# juicing celery stalks?



## Andrewgenic (Jul 5, 2010)

Whats the best method for this does anybody know? Do I just whack em' in a blender?

I did try to post this in the diet and nutrition section but it wouldn't let me.


----------



## Ironclad (Jun 23, 2009)

Without a juicer you'd prob want one of those massive grape presses.


----------



## Ironclad (Jun 23, 2009)

Or, follow this.


----------



## SeBb0 (Jan 8, 2011)

wash em, chop em, blend em!


----------



## SeBb0 (Jan 8, 2011)

banana, celery, cucumber, spinach plus cayenne pepper = awesome shake.


----------



## Thunderstruck (Sep 20, 2010)

if you put them in a blender then you'll just get mushy celery, if you want juice you'd need a juice extractor.


----------



## Andrewgenic (Jul 5, 2010)

Thunderstruck said:


> if you put them in a blender then you'll just get mushy celery, if you want juice you'd need a juice extractor.


Yep thats what I got last night, it was ****in horrible, but seems to have lowered my bp nicely so I aint complaining. What I had resembled one of those slush puppy things if you can remember them. Gonna invest in a juicer this weekend.


----------



## treb92 (Jun 10, 2008)

You need to pay dear for a commerical juicer those ones in argos are pants. Dont even get half the potential juice out of things.


----------



## Andrewgenic (Jul 5, 2010)

lambert said:


> You need to pay dear for a commerical juicer those ones in argos are pants. Dont even get half the potential juice out of things.

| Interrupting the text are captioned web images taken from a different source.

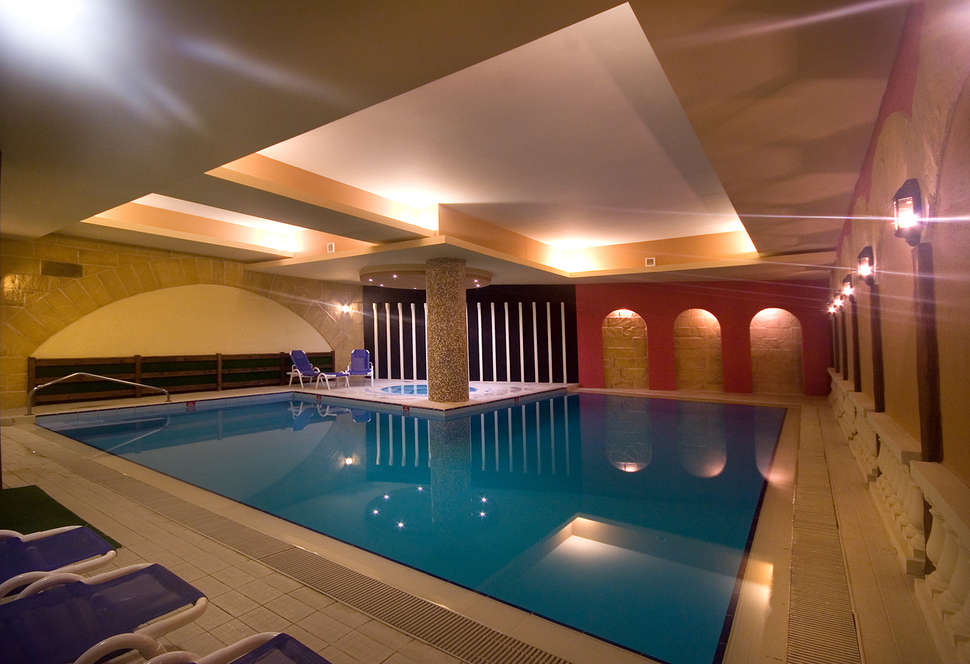 Een foto van het zwembad bij Soreda Hotel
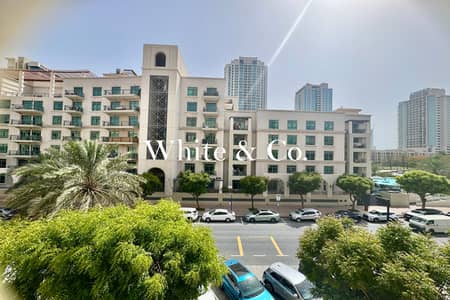 1 Bedroom Apartment for Rent in The Greens, Dubai - Partially Upgraded | Unfurnished | Vacant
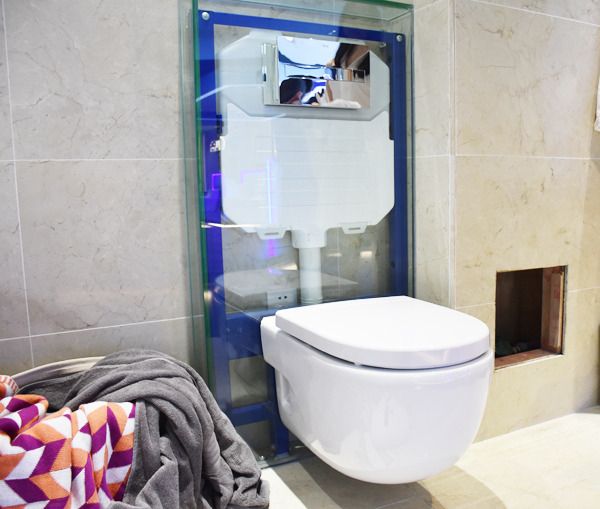 卫生间浴室柜马桶淋浴房搭配,卫生间淋浴房马桶洗手盆如何布置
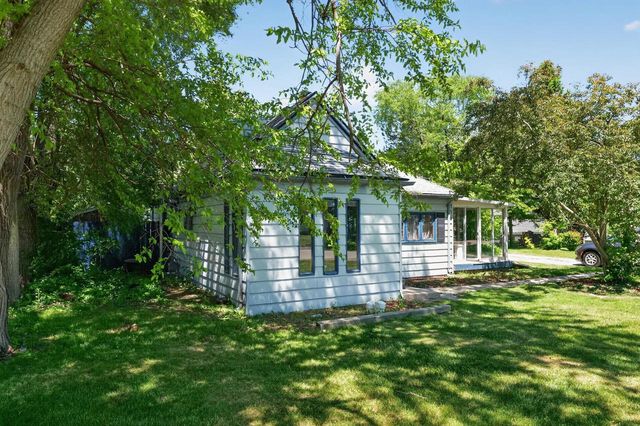 614 16th PLACE, Kenosha, WI 53140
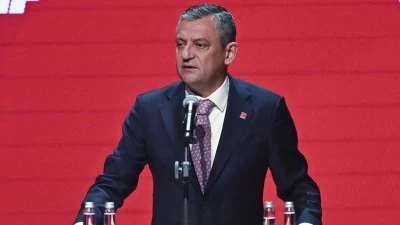 CHP Lideri &Ouml;zel: Umudu &ouml;rg&uuml;tlemek i&ccedil;in yola &ccedil;ıktık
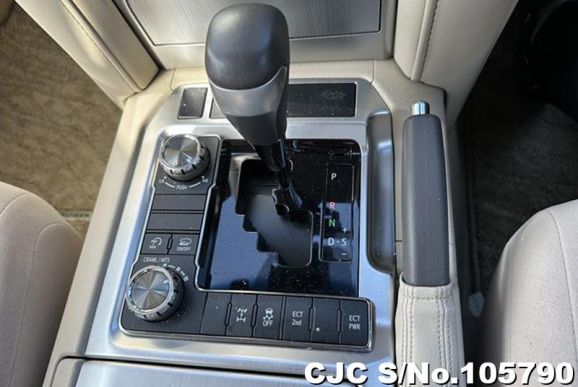 Toyota Land Cruiser in Pearl White for Sale Image 11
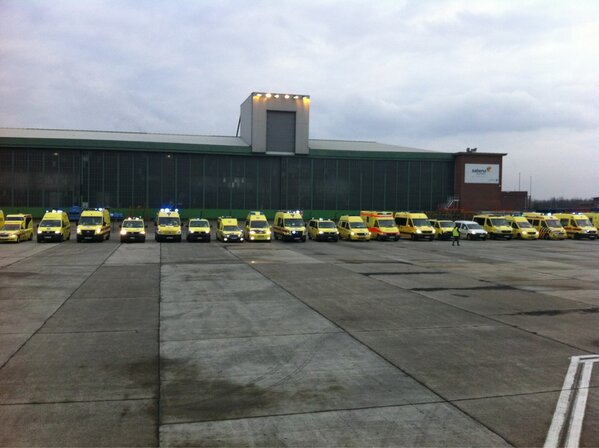 EA_BEL's tweet photo. Just arrived at Brussels Airport #snowplane http://t.co/Rlh0C1ri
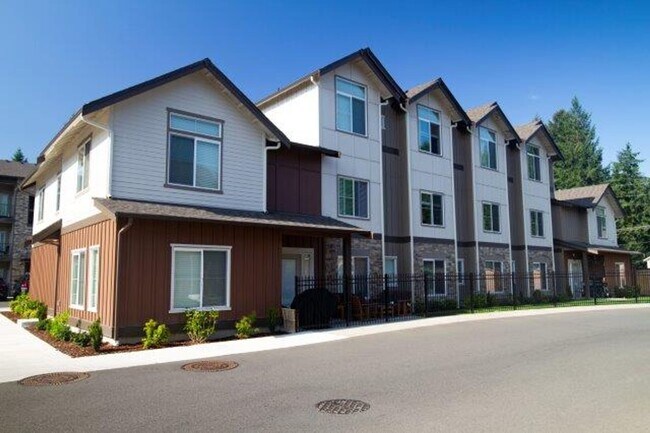 Building Photo - 1 bedroom Townhome with attached garage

I did wonder about this seeing as they range from 20 quid to about £300!


----------



## SeBb0 (Jan 8, 2011)

Andrewgenic said:


> Yep thats what I got last night, it was ****in horrible, but seems to have lowered my bp nicely so I aint complaining. What I had resembled one of those slush puppy things if you can remember them. Gonna invest in a juicer this weekend.


did u use water as well ?? i got a pony blender from the sixties but does the job well.. pint of water first then add ingredients.. should be a sludge like texture depending on the amount of water u put in


----------



## Hendrix (Sep 16, 2009)

lambert said:


> You need to pay dear for a commerical juicer those ones in argos are pants. Dont even get half the potential juice out of things.


Your right, you need a decent one for better juicing and the cheaper ones are a [email protected] to clean, takes forever.


----------



## Andrewgenic (Jul 5, 2010)

SeBb0 said:


> did u use water as well ?? i got a pony blender from the sixties but does the job well.. pint of water first then add ingredients.. should be a sludge like texture depending on the amount of water u put in


Only added a tiny bit of water tbh.


----------



## Andrewgenic (Jul 5, 2010)

hendrix said:


> Your right, you need a decent one for better juicing and the cheaper ones are a [email protected] to clean, takes forever.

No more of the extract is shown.